Information supplied:
········

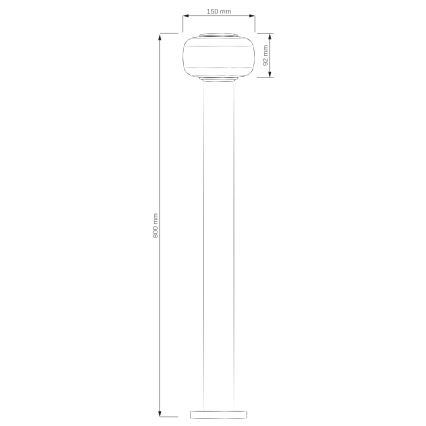 Lampă LED de exterior MALAGA, 12W, 230V, 80 cm, IP44, neagră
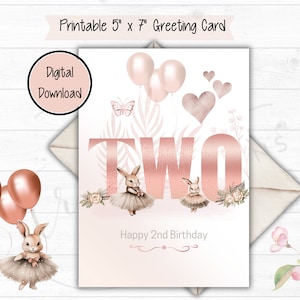 Deuxième carte d'anniversaire de petite fille, petite-fille et nièce, 2e carte d'anniversaire de lapin de fille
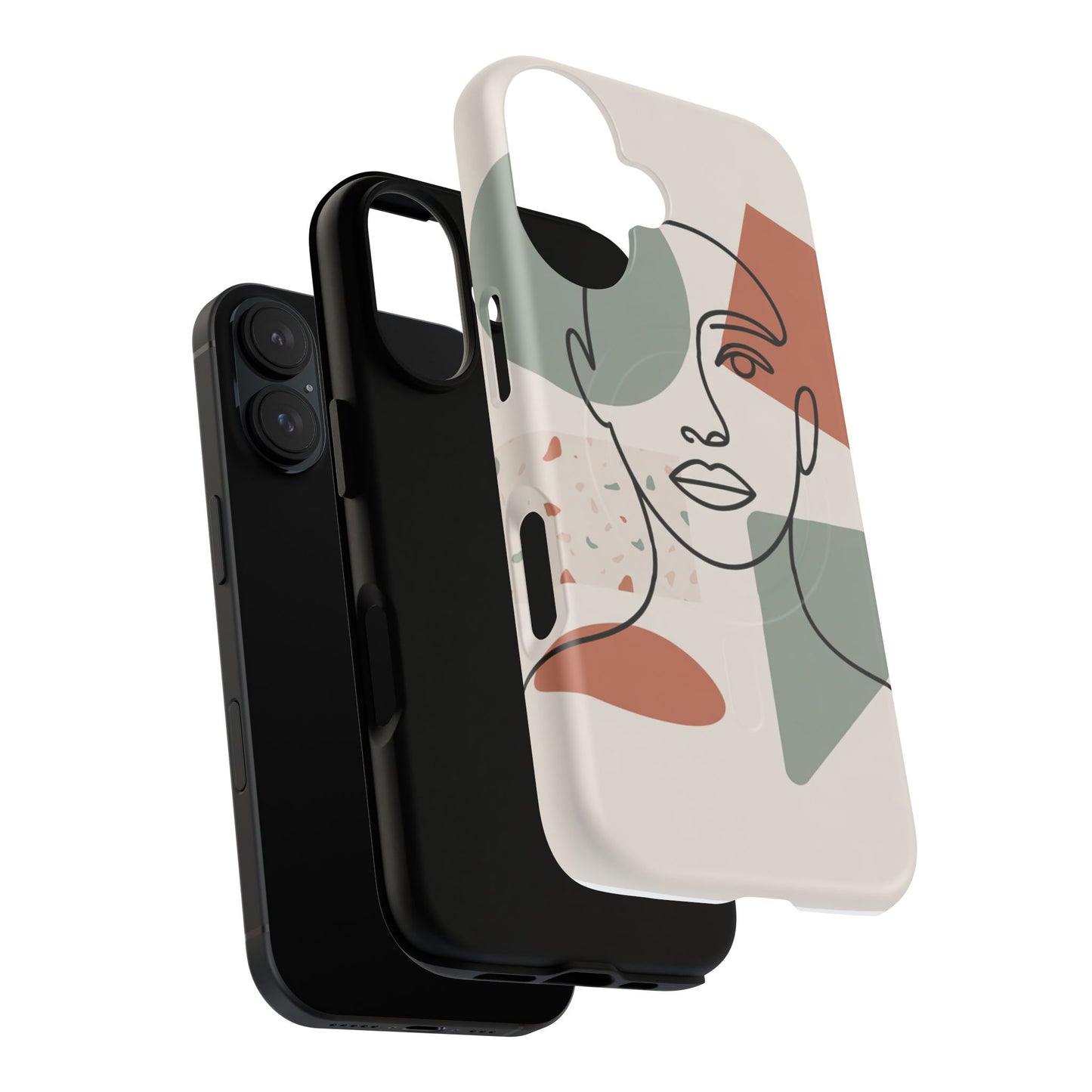 Phone Case - Minimalist Abstract Art Face Design - Sage Green and Terracotta Colors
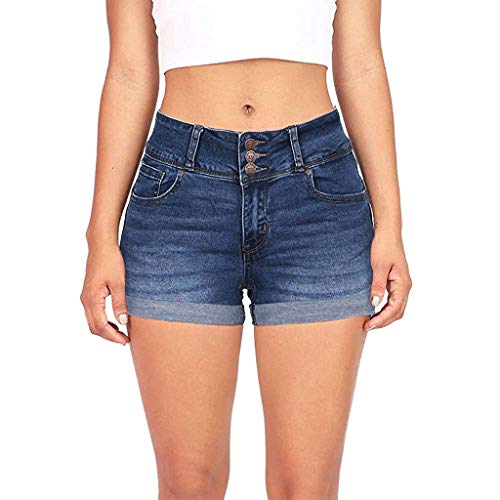 BOTCAM Jeans Shorts Damen High Waist Stretch Kurze Hose Sommer Zerrissen Push Up Leggings Ripped Loch Hotpants Skinny Y2k Boyfriend Jeans Shorts Denim Kurze Jeans Sommershorts Mit Taschen von BOTCAM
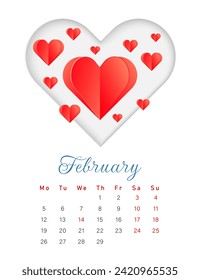Romantic February calendar with hearts in paper cut style. Vector calendar template.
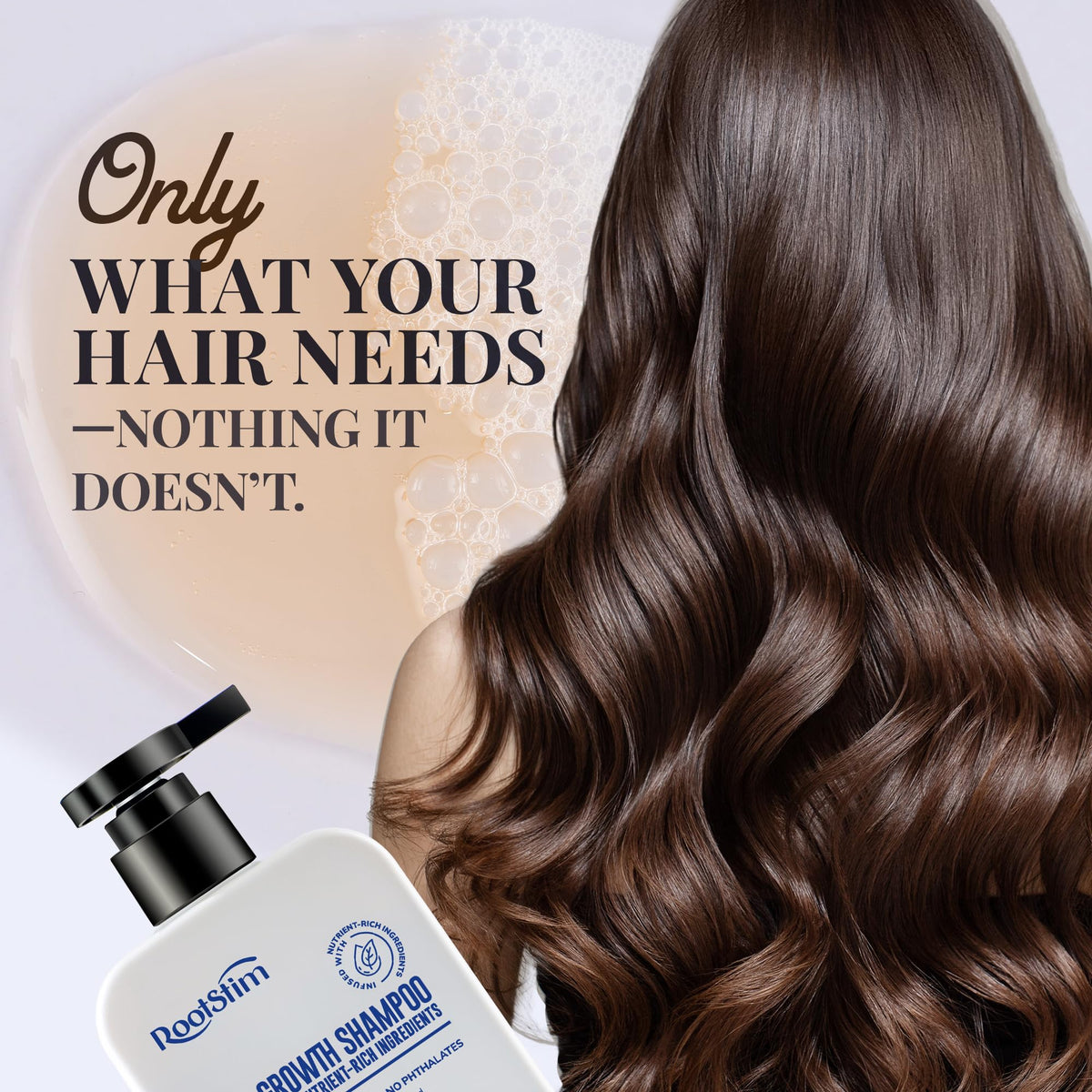 RootStim shampoo being massaged into scalp in shower for effective cleansing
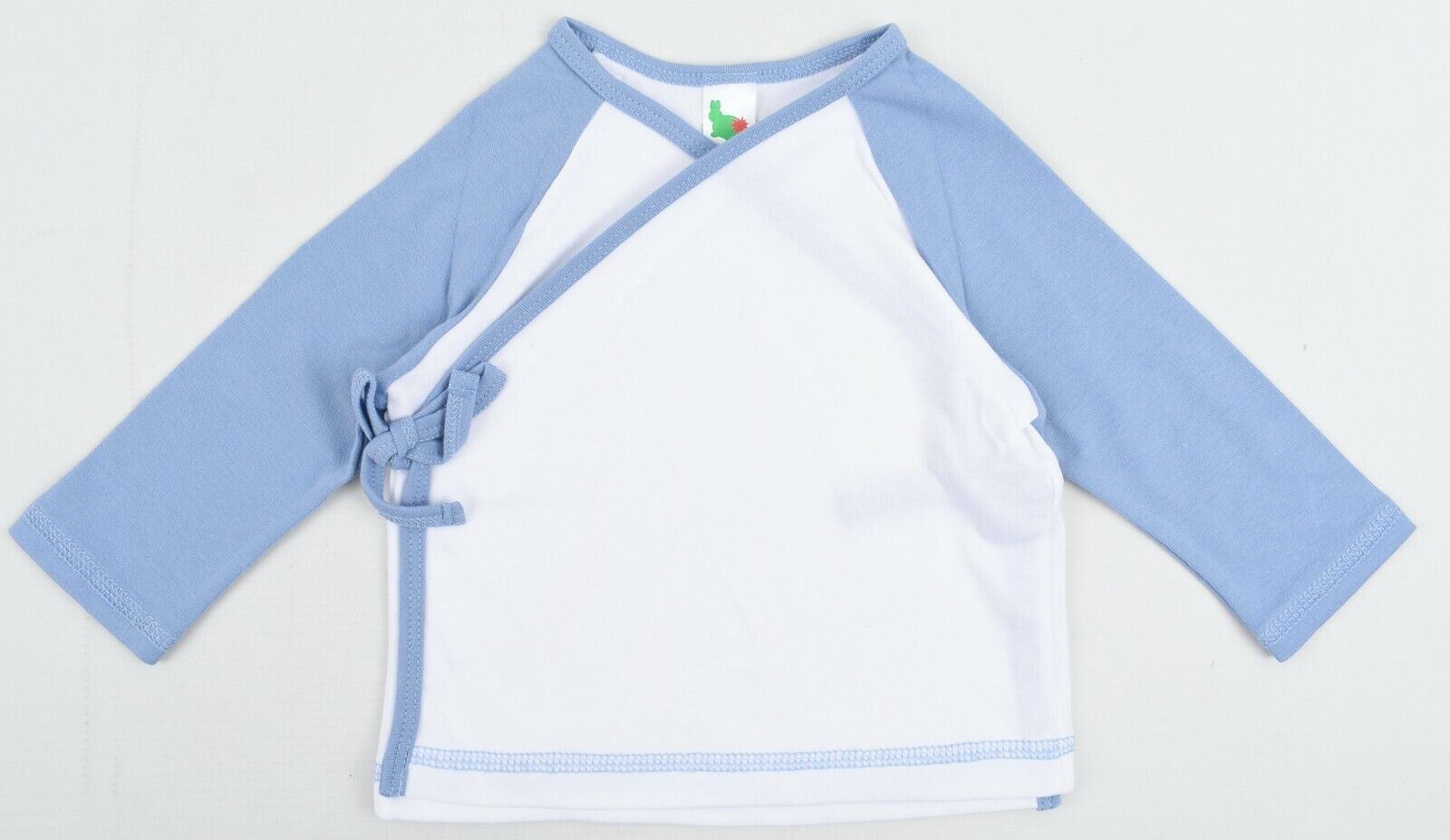 GREEN RABBIT Baby Wrap Around Top, White/Blue, MADE IN UK, size 0-6 months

········

Exercise goal: Set down all records verbatim, omitting images.

Result:
 Lampă LED de exterior MALAGA, 12W, 230V, 80 cm, IP44, neagră
 Deuxième carte d'anniversaire de petite fille, petite-fille et nièce, 2e carte d'anniversaire de lapin de fille
 Phone Case - Minimalist Abstract Art Face Design - Sage Green and Terracotta Colors
 BOTCAM Jeans Shorts Damen High Waist Stretch Kurze Hose Sommer Zerrissen Push Up Leggings Ripped Loch Hotpants Skinny Y2k Boyfriend Jeans Shorts Denim Kurze Jeans Sommershorts Mit Taschen von BOTCAM
Romantic February calendar with hearts in paper cut style. Vector calendar template.
 RootStim shampoo being massaged into scalp in shower for effective cleansing
 GREEN RABBIT Baby Wrap Around Top, White/Blue, MADE IN UK, size 0-6 months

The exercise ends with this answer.